April 16th, 2008
Today is my middle son’s birthday. He is 10 years old. Since I shared the story of my first son being born, I’ll share his birth too.
I, once again, was past my due date. Having already had a child 15 months prior I knew what to expect. I had a different doctor because the first one made douchebags look like wonderful people. I had decided that I didn’t want to be induced. I wanted to do it myself. I had a doctor visit and I wasn’t even dialated. My doctor was going out of town so he wanted to give my a hormone insert and induce me the next day. I wasn’t thrilled but I wanted him to deliver my child (we didn’t know the sex of this one). The plan was to go the Methodist, get my hormones to dialate me and the next morning I would be induced. My son had other plans.

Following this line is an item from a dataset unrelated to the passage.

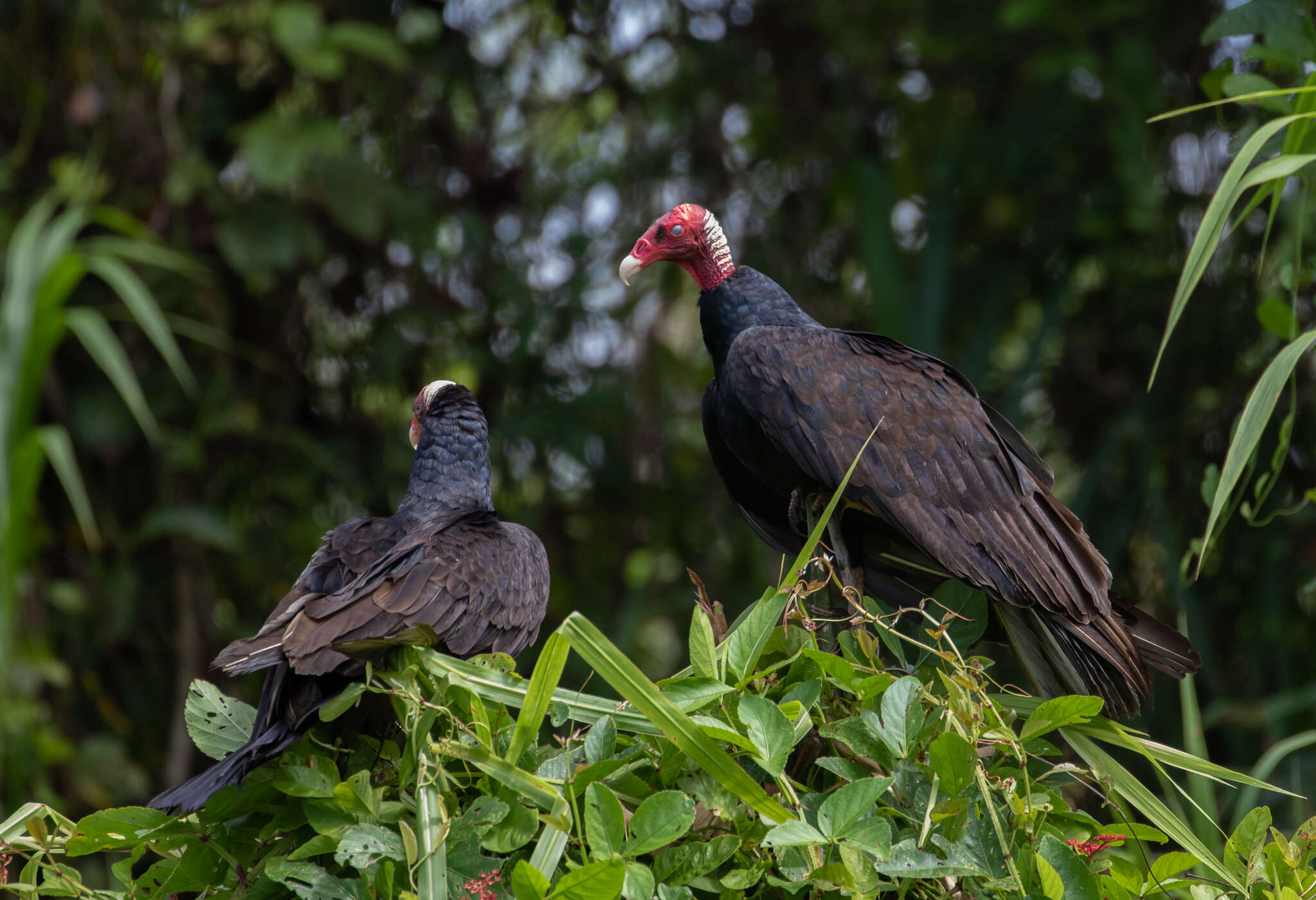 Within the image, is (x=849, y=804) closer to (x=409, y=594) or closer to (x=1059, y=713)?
(x=1059, y=713)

I get to Methodist and they get me settled in my room. The nurse comes to check me before they give me my hormones and I had started to dialate. They call my doctor, who happens to be in a nearby town covering their emergency room. He said to skip the hormones, so I don’t dialate too fast. Well, the resident decided that he was just going to induce me. I refused. So silly little resident tells me that he will just call my doctor and tell him. I told him that the doctor and I had a deal that I would be induced in the morning and if I wasn’t progressing I would be induced then but I would be damned if he would induce me now. He called my doctor. He came back to my room with his head hung low and told me he wasn’t going to induce me. Ha! Victory is mine! So I keep on dialating and contracting and Brad has to leave. He had to cover someone else’s shift at work so he had to basically show up and then I would call and he would come back to the hospital. I fell asleep and when I wake up, no contractions. Shit! Now I have to be induced in a few hours. I get up to go to the bathroom and the mother of contractions start. The nurses are a bit concerned and I call Brad. The nurses keep asking me if I am alone and I keep telling them Brad is on his way. I am getting irritated. Brad finally shows up and I am in some heavy duty labor but where is my doctor? He is still out of town covering the emergency room. Finally, doctor is here, Brad is here, I am ready. No I am not. I still have a half of a centimeter to dialate. So my doctor decides to take a quick walk, since he has been up all night, to get him pumped up for delivering my kid. Once again, my son has other plans. Suddenly, I finish dialating and he decides he is coming, ready or not. So they are paging my doctor, a resident is trying to hold him back and all I want to do is push and get it over with (no epidural this time either). My doctor rushes in and basically catches my son. I had some problems in my pregnancy and didn’t gain alot of weight and didn’t get very big so when they announced that he was 9 pounds and 3 ounces the doctor almost had a stroke.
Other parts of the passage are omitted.